## [TASK DESCRIPTION]
What you write must be the listing below in full, word for word, minus its pictures.

## [DATA PROVIDED]
= Beginning of Section =

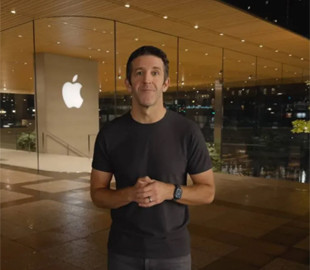 Чому Джона Тернуса вважають майбутнім керівником Apple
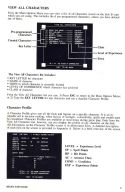 Might and Magic manual page 5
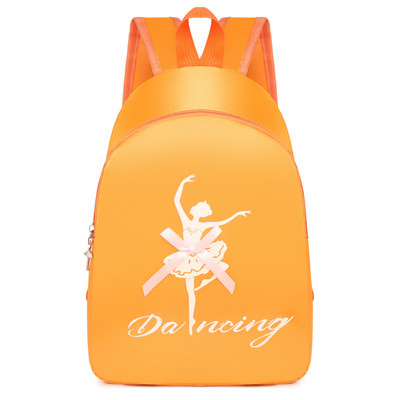 Σακίδιο πλάτης για γυμναστική προπόνηση και άσκηση Μικρά παιδιά Χορός Κορίτσια Γυμναστική Σακίδιο Σακίδιο Σαββατοκύριακο Σχολικό ώμο Bolsas Τσάντες ταξιδιού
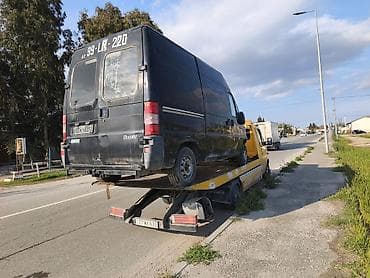 Evakuassiya Xidməti 24/7 Xidmətinizdə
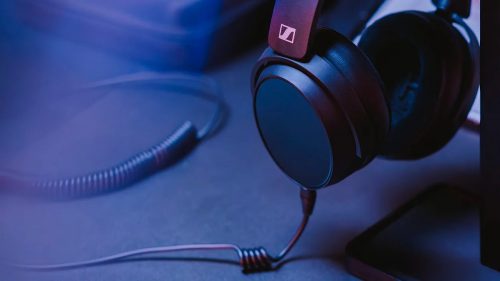 A Famed German Hi-Fi Maker Reimagines an Audiophile Favorite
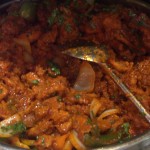 turnip masala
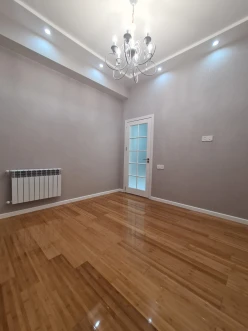 Satılır yeni tikili 3 otaqlı 106 m², Badamdar q.-4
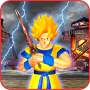 icon Dragon Goku Hero Dungeon Survivor Adventure Fight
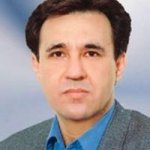 تصویر دکتر مجید صمدی حکاک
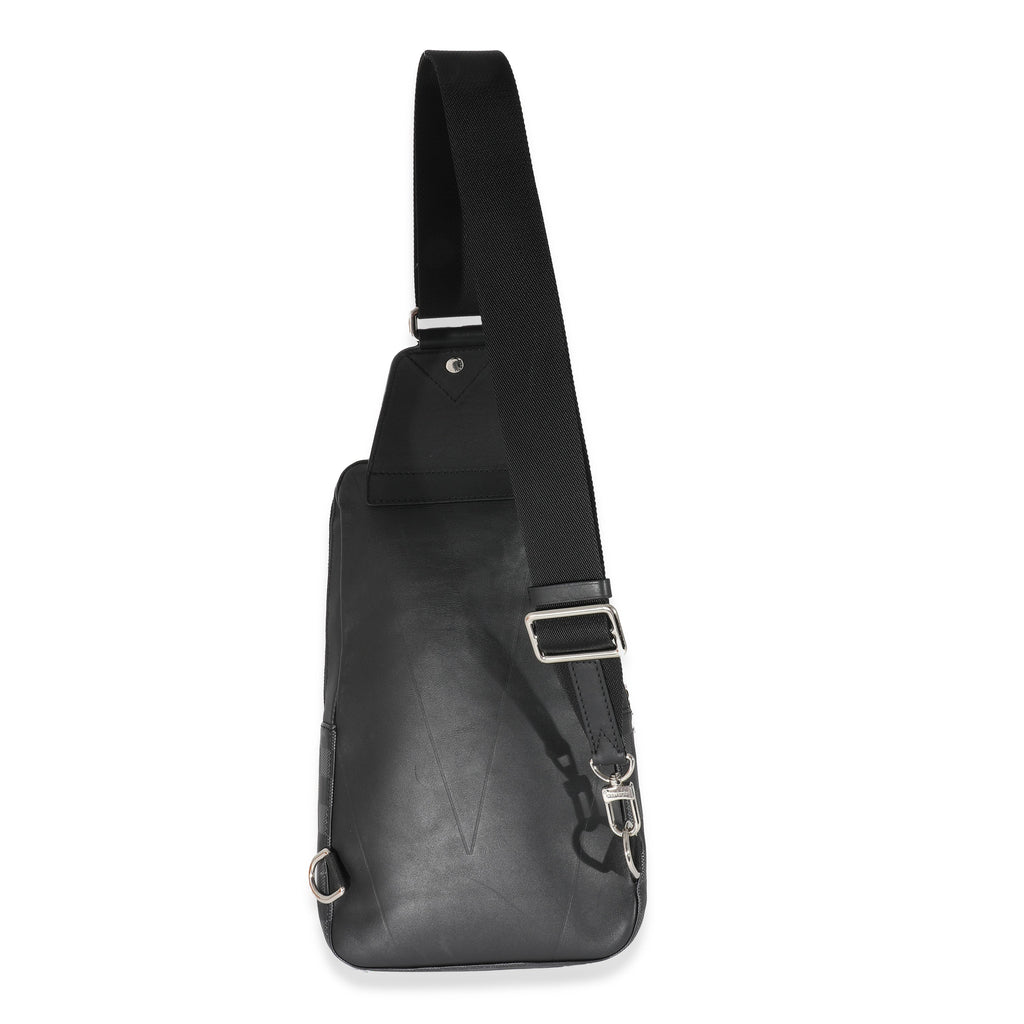 Louis Vuitton Louis Vuitton Damier Infini Avenue Sling Bag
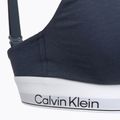 Biustonosz Calvin Klein LV00QF8498 Triangle speakeasy 3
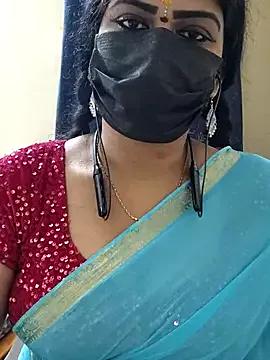 Aadhini99 webcams show profile image 
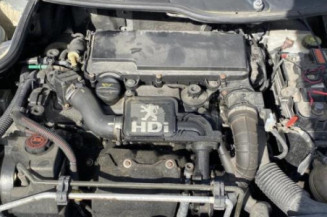 Optique avant principal droit (feux)(phare) PEUGEOT 206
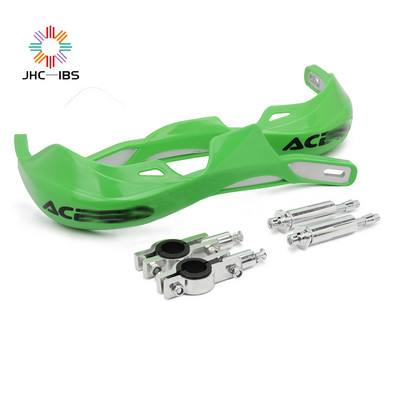 22MM 28MM Motociklo Rankų Apsauga Rankenos Apsauga Rankenos Vairo apsauga KTM HONDA YAMAHA YZ SUZUKI Pit Dirt Bike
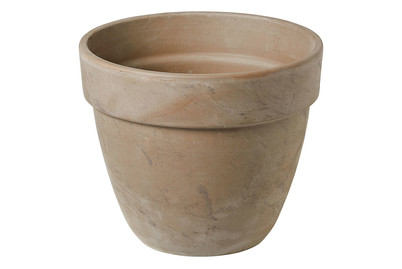 Image of Pflanztopf Levante Basalt ø 26/ H 22 cm bei JUMBO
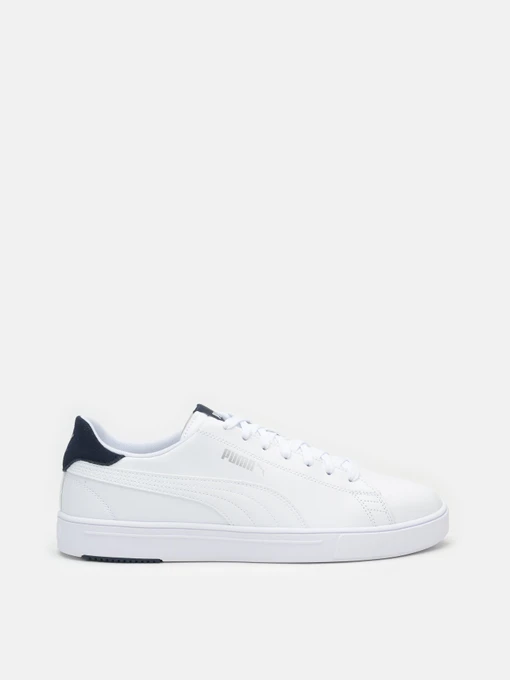 Кеди PUMA Serve Pro Lite модель 37490204 Фото
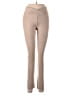 Splendid Solid Tan Active Pants Size S - photo 1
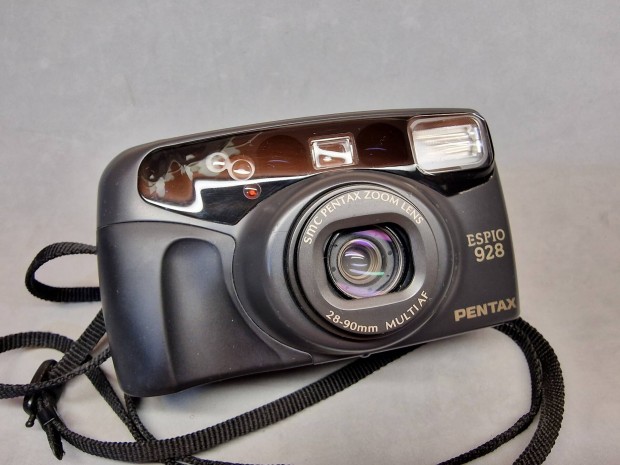 Pentax espio 928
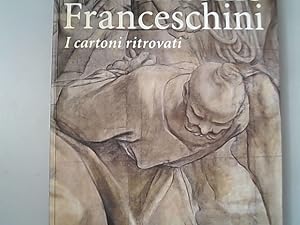 Bild des Verkufers fr Marcantonio Franceschini i cartoni ritrovati. zum Verkauf von Antiquariat Bookfarm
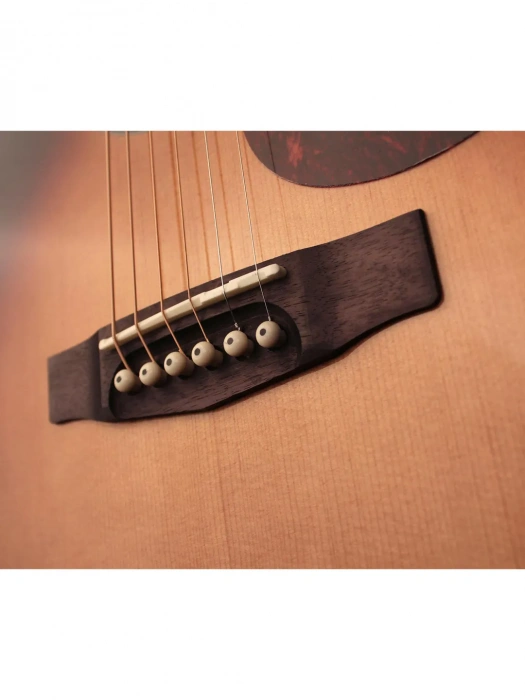 Електро-акустична гітара Електро-акустична гітара Cort Earth 100 SSF (Sunburst)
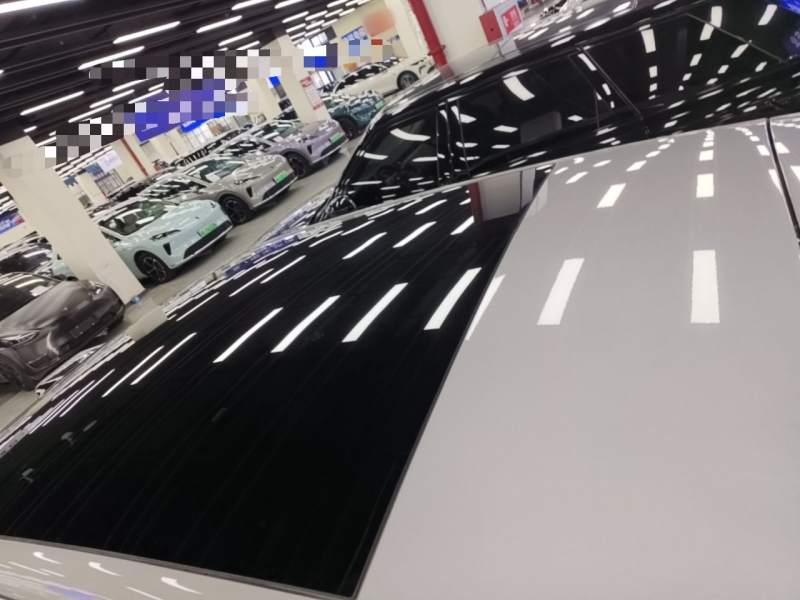 Used Li Auto L6 2024 Max — 26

= End of Section =

## [WRITTEN SOLUTION]
 Чому Джона Тернуса вважають майбутнім керівником Apple
 Might and Magic manual page 5
 Σακίδιο πλάτης για γυμναστική προπόνηση και άσκηση Μικρά παιδιά Χορός Κορίτσια Γυμναστική Σακίδιο Σακίδιο Σαββατοκύριακο Σχολικό ώμο Bolsas Τσάντες ταξιδιού
 Evakuassiya Xidməti 24/7 Xidmətinizdə
 A Famed German Hi-Fi Maker Reimagines an Audiophile Favorite
 turnip masala
 Satılır yeni tikili 3 otaqlı 106 m², Badamdar q.-4
 icon Dragon Goku Hero Dungeon Survivor Adventure Fight
 تصویر دکتر مجید صمدی حکاک
 Louis Vuitton Louis Vuitton Damier Infini Avenue Sling Bag
 Biustonosz Calvin Klein LV00QF8498 Triangle speakeasy 3
 Aadhini99 webcams show profile image 
 Optique avant principal droit (feux)(phare) PEUGEOT 206
 22MM 28MM Motociklo Rankų Apsauga Rankenos Apsauga Rankenos Vairo apsauga KTM HONDA YAMAHA YZ SUZUKI Pit Dirt Bike
 Image of Pflanztopf Levante Basalt ø 26/ H 22 cm bei JUMBO
 Кеди PUMA Serve Pro Lite модель 37490204 Фото
 Splendid Solid Tan Active Pants Size S - photo 1
 Pentax espio 928
 Bild des Verkufers fr Marcantonio Franceschini i cartoni ritrovati. zum Verkauf von Antiquariat Bookfarm
 Електро-акустична гітара Електро-акустична гітара Cort Earth 100 SSF (Sunburst)
 Used Li Auto L6 2024 Max — 26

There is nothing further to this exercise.